## Problem statement
Below is a listing. Set down exactly the lines from the one containing "Victoria Vetri in" through the one containing "477 FDR Drive M1602 photo 7", both ends included, and leave out the rest.

## Exercise material
____________

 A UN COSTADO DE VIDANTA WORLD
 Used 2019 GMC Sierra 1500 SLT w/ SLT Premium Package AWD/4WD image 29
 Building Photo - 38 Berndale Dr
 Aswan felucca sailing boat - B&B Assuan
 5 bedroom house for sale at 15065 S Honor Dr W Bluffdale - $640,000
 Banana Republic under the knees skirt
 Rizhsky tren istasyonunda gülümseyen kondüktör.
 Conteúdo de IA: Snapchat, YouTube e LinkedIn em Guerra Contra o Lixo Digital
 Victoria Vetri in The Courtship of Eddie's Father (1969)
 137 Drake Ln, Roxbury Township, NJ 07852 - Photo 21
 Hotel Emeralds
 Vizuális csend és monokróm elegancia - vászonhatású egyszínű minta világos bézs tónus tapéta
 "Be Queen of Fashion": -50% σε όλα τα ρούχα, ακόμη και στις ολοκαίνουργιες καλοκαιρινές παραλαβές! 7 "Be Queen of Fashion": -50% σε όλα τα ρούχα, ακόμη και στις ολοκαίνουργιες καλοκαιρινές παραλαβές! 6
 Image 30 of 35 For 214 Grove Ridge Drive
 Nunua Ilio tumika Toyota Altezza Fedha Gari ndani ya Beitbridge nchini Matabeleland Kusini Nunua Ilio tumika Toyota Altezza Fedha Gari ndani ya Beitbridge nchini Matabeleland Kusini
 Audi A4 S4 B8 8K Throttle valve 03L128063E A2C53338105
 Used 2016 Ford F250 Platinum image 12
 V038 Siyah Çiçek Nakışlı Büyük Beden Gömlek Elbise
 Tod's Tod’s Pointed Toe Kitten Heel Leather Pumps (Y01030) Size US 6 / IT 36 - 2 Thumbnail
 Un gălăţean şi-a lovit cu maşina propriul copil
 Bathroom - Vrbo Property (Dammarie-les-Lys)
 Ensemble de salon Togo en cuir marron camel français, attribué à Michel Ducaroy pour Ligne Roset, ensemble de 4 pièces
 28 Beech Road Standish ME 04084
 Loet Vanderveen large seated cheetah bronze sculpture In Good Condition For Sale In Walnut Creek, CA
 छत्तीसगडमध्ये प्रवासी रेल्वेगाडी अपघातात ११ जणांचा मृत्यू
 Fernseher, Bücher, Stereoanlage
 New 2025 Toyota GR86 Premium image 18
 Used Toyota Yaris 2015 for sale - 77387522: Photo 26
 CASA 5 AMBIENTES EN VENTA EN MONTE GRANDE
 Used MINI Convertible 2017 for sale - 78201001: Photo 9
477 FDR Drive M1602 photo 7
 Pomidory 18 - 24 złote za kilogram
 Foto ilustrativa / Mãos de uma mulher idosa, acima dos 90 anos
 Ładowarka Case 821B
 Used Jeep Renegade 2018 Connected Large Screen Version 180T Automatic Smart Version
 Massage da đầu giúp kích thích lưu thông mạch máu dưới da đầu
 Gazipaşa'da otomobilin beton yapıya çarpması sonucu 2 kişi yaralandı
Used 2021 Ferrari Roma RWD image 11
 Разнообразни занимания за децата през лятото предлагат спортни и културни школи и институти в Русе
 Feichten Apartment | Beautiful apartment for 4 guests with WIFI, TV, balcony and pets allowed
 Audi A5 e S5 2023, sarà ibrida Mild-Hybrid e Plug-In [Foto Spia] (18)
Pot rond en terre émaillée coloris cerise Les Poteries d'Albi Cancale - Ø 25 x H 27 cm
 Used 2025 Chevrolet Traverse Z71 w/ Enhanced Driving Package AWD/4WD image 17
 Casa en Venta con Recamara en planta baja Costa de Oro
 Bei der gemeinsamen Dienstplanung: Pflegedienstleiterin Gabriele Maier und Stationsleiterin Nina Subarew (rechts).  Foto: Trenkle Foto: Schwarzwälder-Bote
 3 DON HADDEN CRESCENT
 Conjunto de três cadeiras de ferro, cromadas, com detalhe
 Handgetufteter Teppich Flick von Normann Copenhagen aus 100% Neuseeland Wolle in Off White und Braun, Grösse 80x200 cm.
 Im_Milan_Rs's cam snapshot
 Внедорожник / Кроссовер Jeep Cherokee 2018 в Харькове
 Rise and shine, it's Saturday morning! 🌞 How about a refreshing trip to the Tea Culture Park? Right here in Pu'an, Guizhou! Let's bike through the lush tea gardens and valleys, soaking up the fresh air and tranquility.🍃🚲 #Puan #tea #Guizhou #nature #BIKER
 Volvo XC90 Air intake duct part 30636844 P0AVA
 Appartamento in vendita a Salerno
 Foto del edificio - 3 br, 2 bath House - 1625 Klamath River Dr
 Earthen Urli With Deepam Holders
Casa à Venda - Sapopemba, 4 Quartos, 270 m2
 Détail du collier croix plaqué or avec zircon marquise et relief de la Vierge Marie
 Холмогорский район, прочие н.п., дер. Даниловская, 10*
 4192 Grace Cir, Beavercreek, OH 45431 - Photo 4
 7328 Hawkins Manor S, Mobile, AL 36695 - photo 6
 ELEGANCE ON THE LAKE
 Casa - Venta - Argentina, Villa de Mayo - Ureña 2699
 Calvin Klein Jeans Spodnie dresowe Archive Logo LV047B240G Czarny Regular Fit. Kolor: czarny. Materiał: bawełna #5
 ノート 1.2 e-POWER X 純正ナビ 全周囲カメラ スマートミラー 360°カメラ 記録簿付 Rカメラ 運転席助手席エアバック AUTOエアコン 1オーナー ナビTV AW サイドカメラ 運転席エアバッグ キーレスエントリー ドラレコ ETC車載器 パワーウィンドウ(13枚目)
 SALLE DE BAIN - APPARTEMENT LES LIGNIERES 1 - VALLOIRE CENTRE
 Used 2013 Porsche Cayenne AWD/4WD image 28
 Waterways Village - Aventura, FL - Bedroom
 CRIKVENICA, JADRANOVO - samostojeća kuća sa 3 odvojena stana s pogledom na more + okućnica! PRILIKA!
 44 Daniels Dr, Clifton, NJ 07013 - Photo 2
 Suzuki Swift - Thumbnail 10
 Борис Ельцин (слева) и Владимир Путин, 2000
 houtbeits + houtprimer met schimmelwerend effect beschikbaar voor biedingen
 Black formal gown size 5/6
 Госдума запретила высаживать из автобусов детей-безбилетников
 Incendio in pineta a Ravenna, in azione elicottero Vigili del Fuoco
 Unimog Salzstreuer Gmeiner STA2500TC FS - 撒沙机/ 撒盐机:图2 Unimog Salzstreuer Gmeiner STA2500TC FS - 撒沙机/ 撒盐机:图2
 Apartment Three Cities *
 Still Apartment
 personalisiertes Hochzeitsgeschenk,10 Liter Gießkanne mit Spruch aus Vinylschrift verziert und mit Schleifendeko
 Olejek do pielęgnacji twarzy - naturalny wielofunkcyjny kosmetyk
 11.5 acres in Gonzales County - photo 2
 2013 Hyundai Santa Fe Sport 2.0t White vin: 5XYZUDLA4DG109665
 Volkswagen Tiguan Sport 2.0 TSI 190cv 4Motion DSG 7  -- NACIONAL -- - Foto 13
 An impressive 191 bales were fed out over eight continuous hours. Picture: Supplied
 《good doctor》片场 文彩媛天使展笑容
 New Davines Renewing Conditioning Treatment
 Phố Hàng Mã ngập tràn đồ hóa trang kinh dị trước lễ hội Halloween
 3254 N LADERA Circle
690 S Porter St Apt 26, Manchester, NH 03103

____________

## Written answer
 Victoria Vetri in The Courtship of Eddie's Father (1969)
 137 Drake Ln, Roxbury Township, NJ 07852 - Photo 21
 Hotel Emeralds
 Vizuális csend és monokróm elegancia - vászonhatású egyszínű minta világos bézs tónus tapéta
 "Be Queen of Fashion": -50% σε όλα τα ρούχα, ακόμη και στις ολοκαίνουργιες καλοκαιρινές παραλαβές! 7 "Be Queen of Fashion": -50% σε όλα τα ρούχα, ακόμη και στις ολοκαίνουργιες καλοκαιρινές παραλαβές! 6
 Image 30 of 35 For 214 Grove Ridge Drive
 Nunua Ilio tumika Toyota Altezza Fedha Gari ndani ya Beitbridge nchini Matabeleland Kusini Nunua Ilio tumika Toyota Altezza Fedha Gari ndani ya Beitbridge nchini Matabeleland Kusini
 Audi A4 S4 B8 8K Throttle valve 03L128063E A2C53338105
 Used 2016 Ford F250 Platinum image 12
 V038 Siyah Çiçek Nakışlı Büyük Beden Gömlek Elbise
 Tod's Tod’s Pointed Toe Kitten Heel Leather Pumps (Y01030) Size US 6 / IT 36 - 2 Thumbnail
 Un gălăţean şi-a lovit cu maşina propriul copil
 Bathroom - Vrbo Property (Dammarie-les-Lys)
 Ensemble de salon Togo en cuir marron camel français, attribué à Michel Ducaroy pour Ligne Roset, ensemble de 4 pièces
 28 Beech Road Standish ME 04084
 Loet Vanderveen large seated cheetah bronze sculpture In Good Condition For Sale In Walnut Creek, CA
 छत्तीसगडमध्ये प्रवासी रेल्वेगाडी अपघातात ११ जणांचा मृत्यू
 Fernseher, Bücher, Stereoanlage
 New 2025 Toyota GR86 Premium image 18
 Used Toyota Yaris 2015 for sale - 77387522: Photo 26
 CASA 5 AMBIENTES EN VENTA EN MONTE GRANDE
 Used MINI Convertible 2017 for sale - 78201001: Photo 9
477 FDR Drive M1602 photo 7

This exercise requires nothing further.